Advierto a los lectores que en los manuscritos enviados se evita el nombre de sus autores, lo que ayuda a ser más objetivo: ni su nombre, ni su procedencia, ni su institución deben aparecer. Otorgamos cuatro premios: primer lugar de investigación y de tesis y segundos lugares de ambas categorías.

El Museo sacó, entonces, los sobres cerrados y sellados en que aparecerían los nombres de los autores (el resto sería destruido sin abrirlo). Mencionaré sólo al triunfador. ¿Quién sería? Yo estaba seguro de que se trataba de alguien experimentado, más bien viejo, con tablas. Nos equivocamos los jueces: el ganador de 80 mil pesos era un jovencito de 24 años que no tenía más que licenciatura en Historia, ningún postgrado. Esto nos llenó de alegría.

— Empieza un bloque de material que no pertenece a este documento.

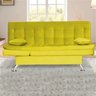 Sofá Cama Pés Cromados e Almofadas Lugano Suede Amarelo - 1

Ahora no hablaré del texto puesto que se publicará (es parte del premio). Lo haré cuando aparezca. Sólo digo que es apasionante y que echa abajo no pocos mitos regiomontanos con seriedad y muy buena pluma. Tampoco falto a la confidencialidad porque ya hicimos públicos los resultados.

¿Y los elogios anunciados? Uno es para Javier Villarreal Lozano, que durante muchos años se distinguió por su servicio a los cargos que le encargaron. Primeramente, como profesor de la Escuela de Comunicación. Sus exalumnos coinciden en que fue su gran maestro. Nadie le hurta su sabiduría ni le niega su capacidad didáctica, su experiencia y generosidad. Una cosa que le admiré es que aun a personas con las que tenía conflictos jamás les negó el recinto del Centro Cultural que dirigía. Ya no repito lo que otros han dicho de él. Refrendaría la sentencia de San Pablo: “has dado la buena lucha”. El otro elogio es para mi querido Sergio Quintana (conocido por Timo), el músico alegre y espléndido, creativo y admirado. Su esposa, que fue mi alumna, me lo presentó y desde el primer momento nos estimamos. ¿Quién no lo disfrutó? Quedan sus melodías, letras de canciones y juegos rítmicos. ¡Era un mago!